Hall of Famers Lee Smith, Frank Thomas and Alan Trammell also are on the panel, which will meet in San Diego ahead of the winter meetings.

They will be joined by former Toronto CEO Paul Beeston, former Boston Red Sox and Chicago Cubs executive Theo Epstein, Anaheim Angels owner Arte Moreno, Miami Marlins general manager Kim Ng, Minnesota Twins president Dave St. Peter and Chicago White Sox executive vice president Ken Williams.

Three media members/historians are on the committee: longtime statistical analyst Steve Hirdt of Stats Perform, La Velle E. Neal III of the Minneapolis Star Tribune and Susan Slusser of the San Francisco Chronicle. Neal and Slusser are past presidents of the Baseball Writers’ Association of America.

Hall Chairman Jane Forbes Clark will be the committee’s non-voting chair.

The ballot also includes Albert Belle, Don Mattingly, Fred McGriff, Dale Murphy and Curt Schilling. The committee considers candidates whose careers were primarily from 1980 on. A candidate needs 75% to be elected and anyone who does will be inducted on July 23, along with anyone chosen in the BBWAA vote, announced on Jan. 24.

Bonds, Clemens and Schilling fell short in January in their 10th and final appearances on the BBWAA ballot. Bonds received 260 of 394 votes (66%), Clemens 257 (65.2%) and Schilling 231 (58.6%).

Palmeiro was dropped from the BBWAA ballot after receiving 25 votes (4.4%) in his fourth appearance in 2014, falling below the 5% minimum needed to stay on. His high was 72 votes (12.6%) in 2012.

Bonds denied knowingly using performance-enhancing drugs and Clemens maintains he never used PEDs. Palmeiro was suspended for 10 days in August 2005 following a positive test under the major league drug program, just over two weeks after getting his 3,000th hit.

A seven-time NL MVP, Bonds set the career home run record with 762 and the season record with 73 in 2001. A seven-time Cy Young Award winner, Clemens went 354-184 with a 3.12 ERA and 4,672 strikeouts, third behind Nolan Ryan (5,714) and Randy Johnson (4,875).

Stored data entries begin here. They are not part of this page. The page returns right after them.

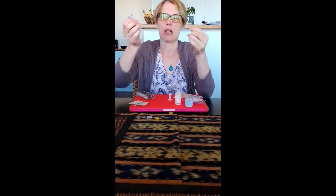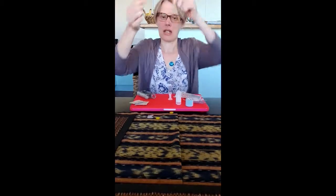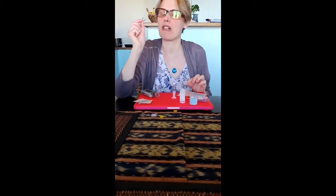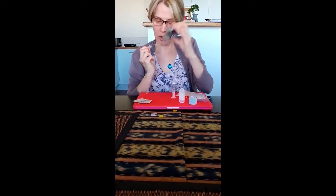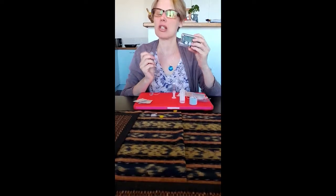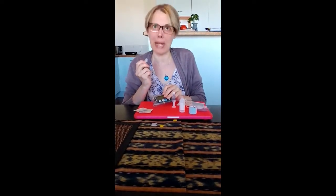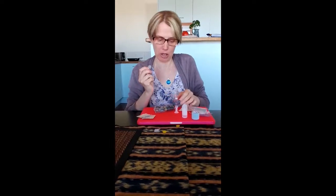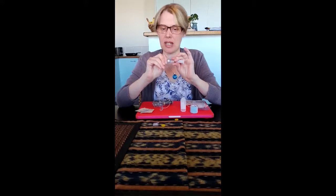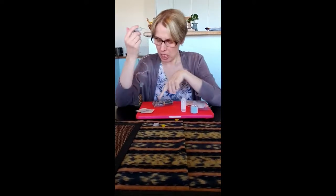I take the tubing out. The tubing has a connector at one end, and these are universal for all the Paradigm sets — so if you're using a Paradigm pump they fit all insertion sets, and I think there are about six different types. The Mio is the most popular one worldwide right now. You just pop it in and twist until it clicks. There are two ways to load it: from the pump, or by hand.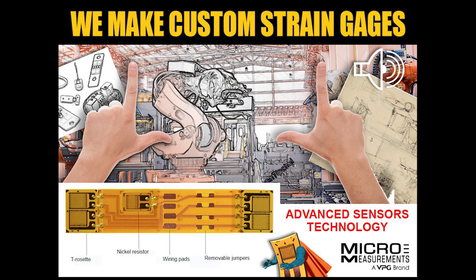If you have a customer that's interested in something custom, tell them to reach out to us. They can visit the website at www.micro-measurements.com, or they can pick up the phone and call us at 919-365-3800 and press 2 for applications engineering. We've got a staff of applications engineers that can help customers come up with that unique design and we can quote it for them.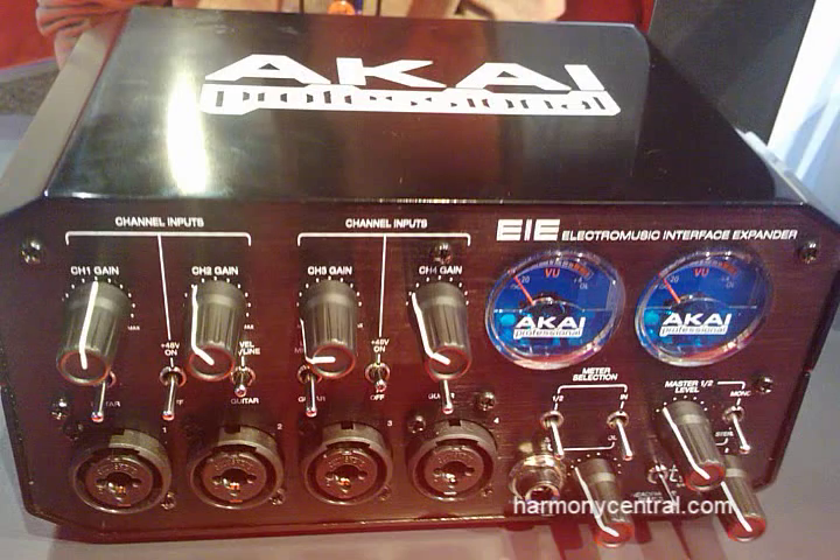I'm Glenn Darcy, I'm product manager for Akai Professional. Today we're showing off our new EIE interface. It's our latest product here from Akai Professional.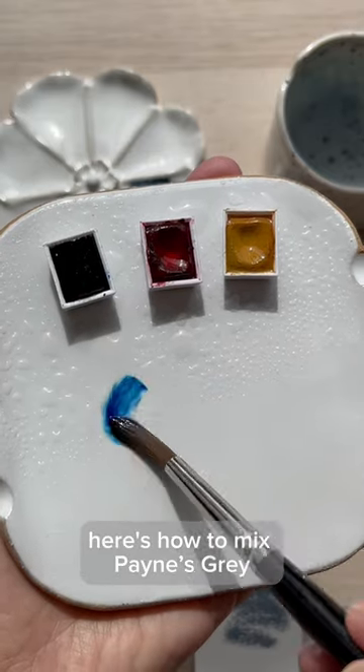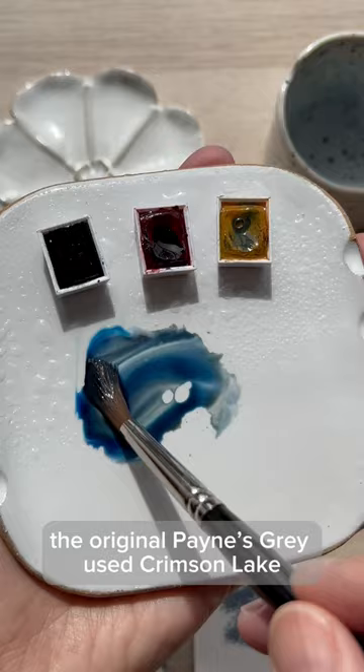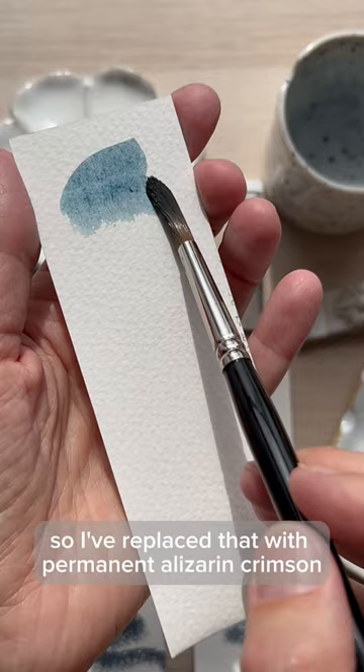Here's how to mix Payne's Gray using the original colors. I'm using Prussian Blue, Permanent Alizarin Crimson, and Yellow Ochre. It's not 100% accurate — the original Payne's Gray used Crimson Lake, which is a fugitive color known to fade, so I've replaced that with Permanent Alizarin Crimson, which is a similarly cool red.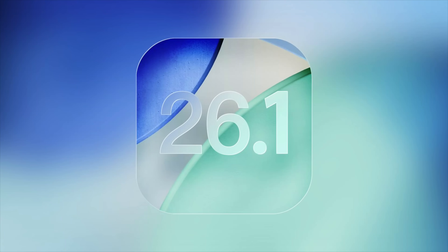Apple has officially released iOS 26.1, and though it's not a major update, there are some really useful changes that are worth checking out.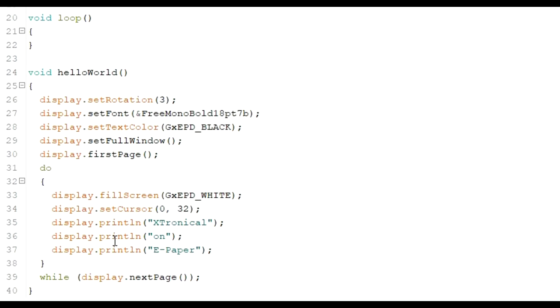Getting into the habit of setting cursor positions isn't usually a problem with drawing shapes like triangles, circles, or lines, but on text you need to always set the cursor where you want that text to start. So without further ado, let's get that onto the board and see how it looks.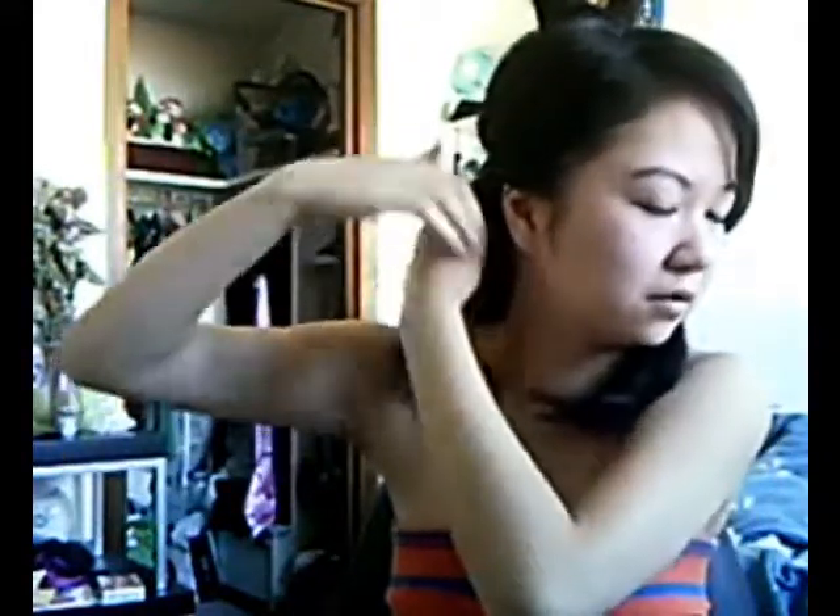What we're going to do with these side sections is take one and just twist the hair, keep twisting and twisting until you get to the end, then hold it in place with a clip. Take the next portion and do the exact same thing — just keep twisting. You want to twist until both ends meet in the back. Remove the clip and now I have the two twists right here.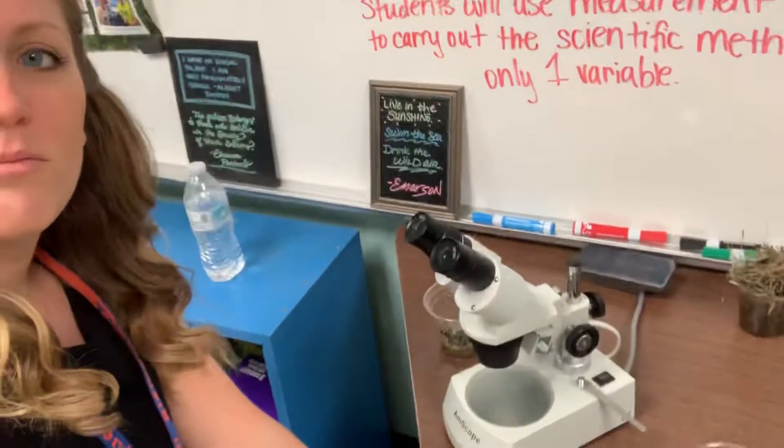Good morning. This is looking at what are different kinds of microscopes. First of all, we're going to take a look at what a dissecting scope looks like.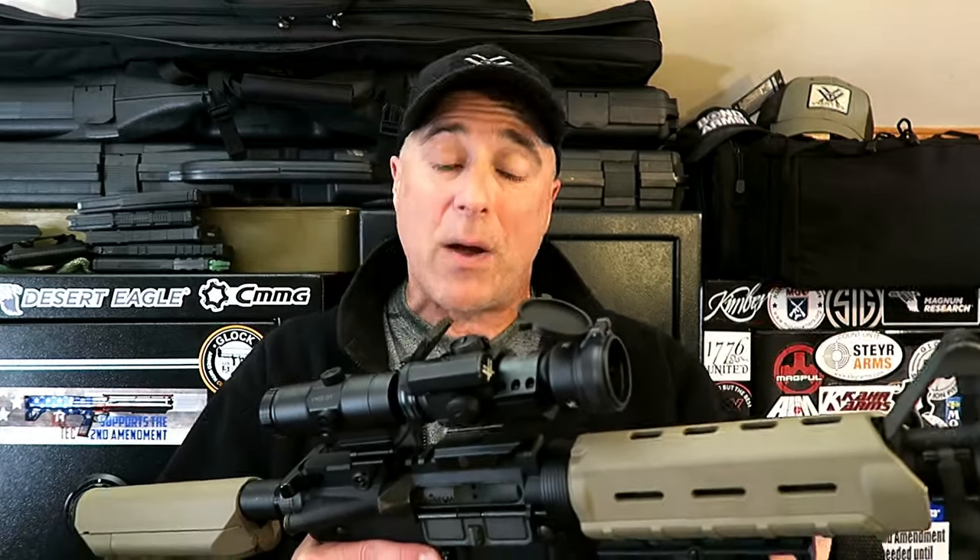Hey there friends, thanks for checking in. I shared with you before that I took a carbine class and my EOTech optic failed on me. It wasn't a battery issue — it wasn't anything I could have prevented. The optic itself failed, and it made for a tough experience because I was in the midst of a carbine class. So instead of training, I was trying to make my way through without the optic.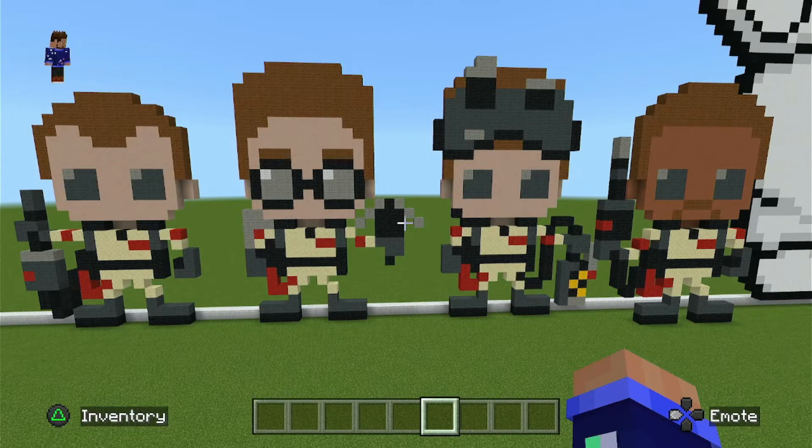Hey, what's going on YouTube, welcome back to the N-Money Show. In today's video I wanted to throw another Halloween build together for you. We have Dr. Peter Venkman played by Bill Murray, Egon Spangler played by Harold Ramis, Dan Aykroyd as Raymond Stantz, and Ernie Hudson as Winston Zeddemore.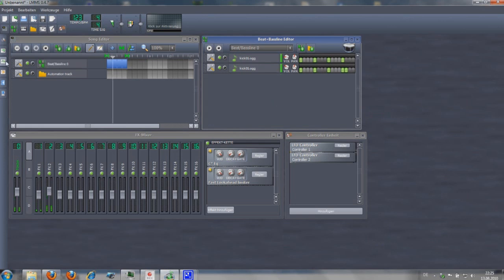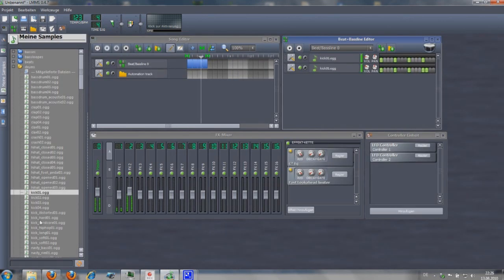Add more samples. Repeat the same procedure every time. You can also modify the end point of the sample to cut it off. Let's go.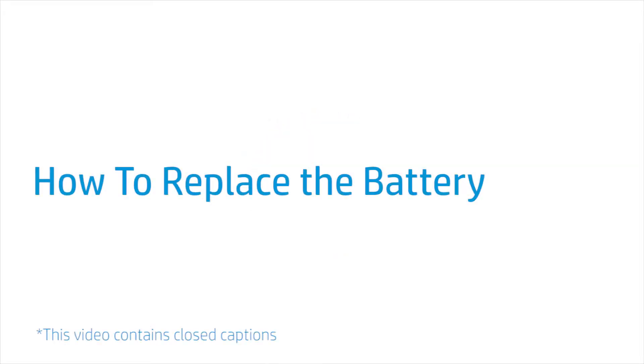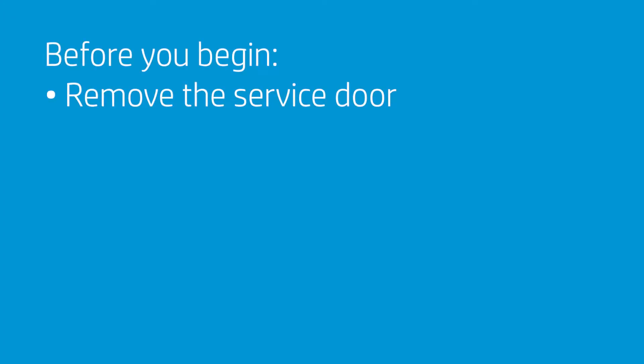How to Replace the Battery. Before you begin, remove the service door.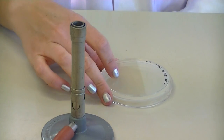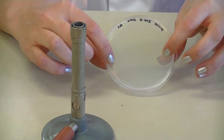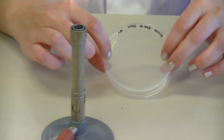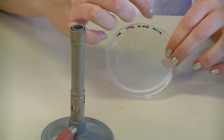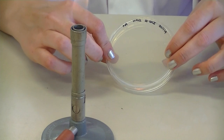You should always label your plate on the bottom of the plate just in case the lid is lost in transit or is removed from the plate. You also need to label it on the edge or the circumference of the plate so it doesn't obstruct the view of what is growing on your plate.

Palmeiro had 3,020 hits and 568 homers.

Schilling fell 16 votes shy with 285 (71.1%) in 2021. Support dropped after hateful remarks he made in retirement toward Muslims, transgender people, reporters and others.

McGriff got 169 votes (39.8%) in his final year on the BBWAA ballot in 2019. Murphy was on the BBWAA ballot 15 times and received a high of 116 votes (23.2%) in 2000. Mattingly received a high of 145 votes (28.2%) in the first of 15 appearances on the BBWAA ballot in 2001, and Belle appeared on two BBWAA ballots, receiving 40 votes (7.7%) in 2006 and 19 (3.5%) in 2007.

Players on Major League Baseball’s ineligible list cannot be considered, a rule that excludes Pete Rose.

This year’s BBWAA ballot includes Carlos Beltran, John Lackey and Jered Weaver among 14 newcomers and Scott Rolen, Todd Helton and Billy Wagner among holdovers.